First, let's take a look at the list, in which a variety of shows were "scored" by people who stated their political preference as either democrat or republican, liberal or conservative, and then the overall scores were averaged together according to that affiliation:
A first glance reveals truths utterly unsurprising: Republicans like The Amazing Race, democrats like Mad Men; republicans dig on Dancing with the Stars (hence the weird influx of noted Republican figures like Tom DeLay and Bristol Palin as contestants?), democrats grok on 30 Rock. The first depressing thing about this study, then, is that, as people of political persuasion, we are embarrassingly predictable.
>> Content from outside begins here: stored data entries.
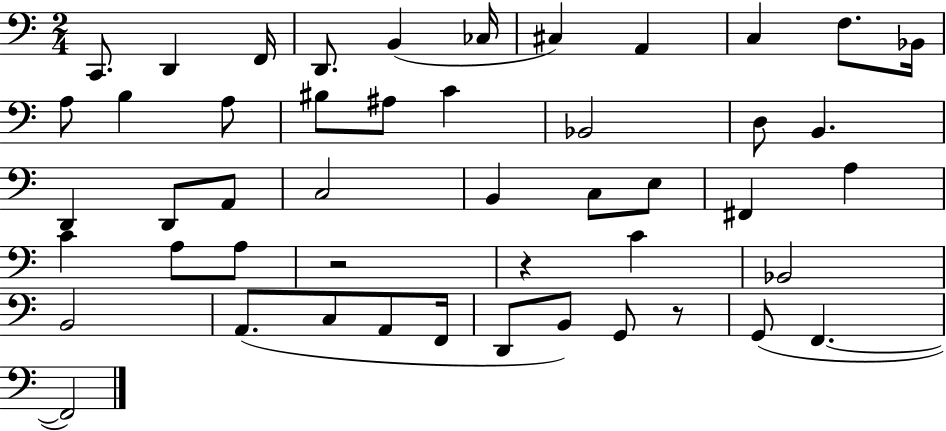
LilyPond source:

{
  \clef bass
  \numericTimeSignature
  \time 2/4
  \key c \major
  c,8. d,4 f,16 | d,8. b,4( ces16 | cis4) a,4 | c4 f8. bes,16 | \break a8 b4 a8 | bis8 ais8 c'4 | bes,2 | d8 b,4. | \break d,4 d,8 a,8 | c2 | b,4 c8 e8 | fis,4 a4 | \break c'4 a8 a8 | r2 | r4 c'4 | bes,2 | \break b,2 | a,8.( c8 a,8 f,16 | d,8 b,8) g,8 r8 | g,8( f,4.~~ | \break f,2) | \bar "|."
}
But while it's a mildly depressing non-surprise to find that our politics define us, it's a bona-fide depressing surprise to find the extent to which they do; we may or may not tune into either The Bachelor or Breaking Bad depending on whether or not we think Obama's birth certificate is authentic, but what we evidently really want to watch is people who will tell us whether or not we should think Obama's birth certificate is authentic. Because the number-one shows we pick? They're Glenn Beck and Keith Olbermann, respectively: two programs that serve the exclusive function of reinforcing whatever political beliefs we already have, right down to the party line. You could basically see the first items on each list as a predictor of what follows.
Republicans will do doubt smugly observe on the basis of these statistics that democrats are out-of-touch; democrats will take satisfaction in knowing that republicans are bread-and-circuses philistines. The truth, though, is that we're all a bunch of sheep.